Voyageur believes that the signs are helping to make a difference for the families.

“I know that we received a Facebook comment yesterday from somebody who has been actively searching for Lisa Marie Young and she commented that they had always wanted to put up a billboard ad for her,” she said. 

“One of the things that really struck us is (that) families probably can’t even afford to photocopy, to put up posters around town. I think that everybody is pretty happy and pretty appreciative.”

Meanwhile, Lindsay said making these earrings and beads takes up much of their free time.

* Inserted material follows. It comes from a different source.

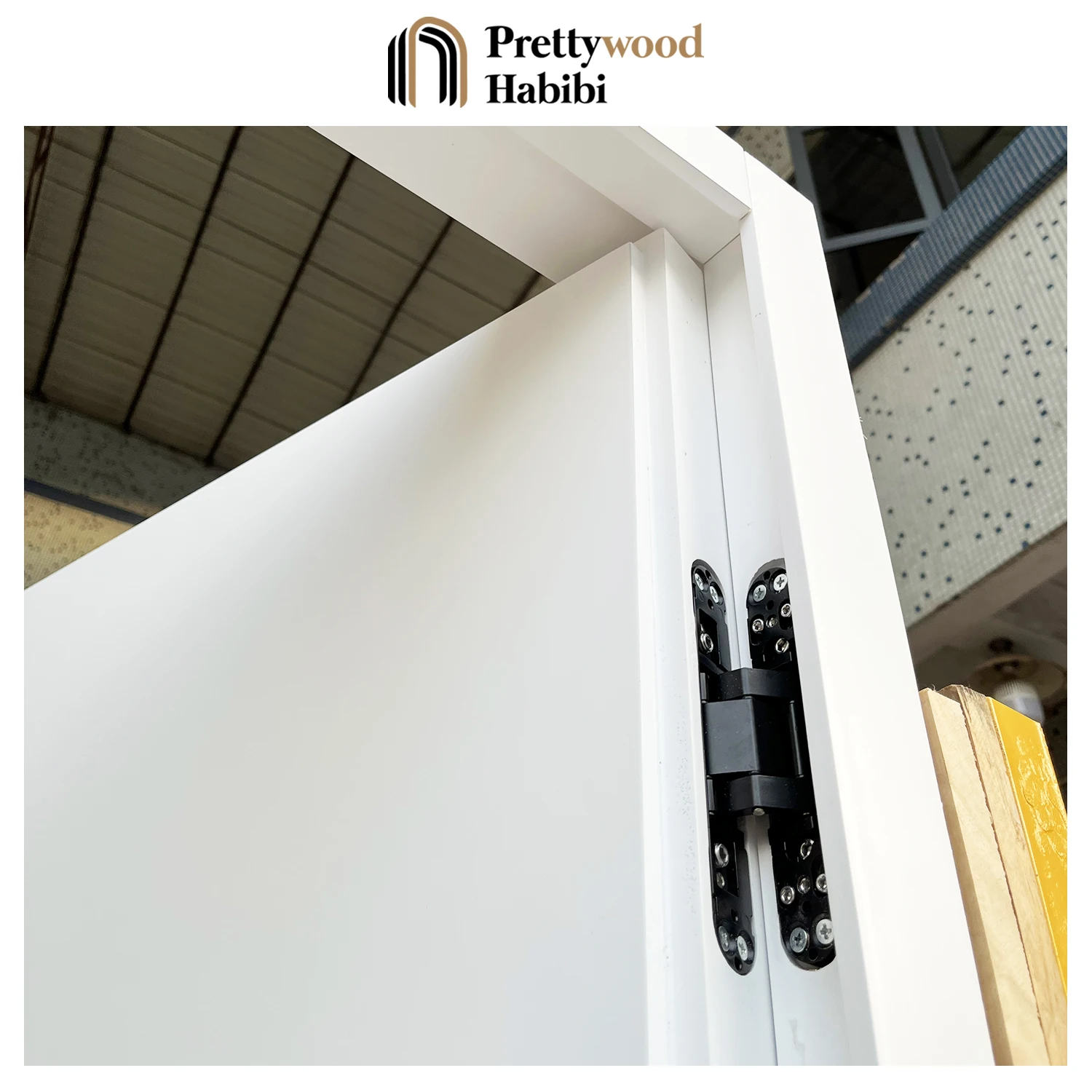 Prettywood American Walnut Veneer Interior Flush-to-Wall Solid Wooden Hidden Door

“We both are full-time parents and I’m a student at VIU and Carla is teaching language classes at North Island College, so it’s a side thing for us but in all honesty it’s a daily thing,” she said. “We come home and we’re beading over dinner, we’re beading right before we go to bed, we’ve got an amazing group of volunteers to help out as much as they can, so it’s a daily thing for us.”

Facebook thanks

In a post on their Lil’ Red Dress Project Facebook page, they thanked their “amazing team of volunteers who continue to support this initiative through beading, sharing and spreading awareness. We also couldn’t have made it this far without all of you supporters out there who have donated, purchased and shared our beadwork.

Lastly we would like to thank Little City Signs, Grant Signs and Coast Outdoors Advertising for their support in this project.”